There were three different models of Video Pinball released over its lifetime. Atari released both woodgrain and cream-colored versions as "Atari Video Pinball" Model C-380. An OEM version whose name was changed to "Pinball Breakaway" was also produced for Sears under the Sears' Tele-Games label. In Japan it was released by Epoch in 1979 as the Epoch TV Block.

The console connects to a TV set for display. It can be powered with 6 'C' batteries or by buying an adapter can use mains current. Buttons on top of the machine are used the select games and their variations.

In 1978 the system was offered for sale between $64.95 and $89.95.
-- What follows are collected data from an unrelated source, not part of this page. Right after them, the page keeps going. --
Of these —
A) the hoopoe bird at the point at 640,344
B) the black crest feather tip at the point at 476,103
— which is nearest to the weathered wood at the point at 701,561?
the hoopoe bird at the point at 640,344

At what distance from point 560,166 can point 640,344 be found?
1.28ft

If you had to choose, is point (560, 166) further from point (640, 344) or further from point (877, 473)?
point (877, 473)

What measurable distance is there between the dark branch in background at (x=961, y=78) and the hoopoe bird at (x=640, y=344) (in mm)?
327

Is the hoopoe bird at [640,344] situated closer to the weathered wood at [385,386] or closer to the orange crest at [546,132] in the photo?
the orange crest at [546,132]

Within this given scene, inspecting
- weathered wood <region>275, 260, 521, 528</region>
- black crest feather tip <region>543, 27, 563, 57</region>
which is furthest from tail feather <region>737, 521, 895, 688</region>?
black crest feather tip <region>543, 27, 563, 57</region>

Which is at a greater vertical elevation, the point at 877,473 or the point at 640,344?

Atari's Video Pinball was the last dedicated "Pong" console line produced by Atari before the transition to their cartridge-based Atari VCS (later Atari 2600), marking the end of the first generation of home gaming as the industry shifted toward interchangeable game libraries. A cartridge based console called "Game Brain" was developed by Atari but never released; one of the cartridges for this machine used the IC chip from Video Pinball.
| Atari Video Pinball Model C-380; cream colored | Sears Pinball Breakaway |

== Reception ==
A contemporary review of the system in Creative Computing said the most popular game is undoubtedly Breakout.

==Arcade==
An arcade video game version, called Video Pinball, was released by Atari in February 1979. The cabinet includes a color playfield which is reflected with a mirror into view of the player; with a black and white raster video system. It is controlled with standard flipper buttons, but the flippers and ball are virtual; with the ball launched using a realistic plunger. It sold a total of 1,505 arcade cabinets.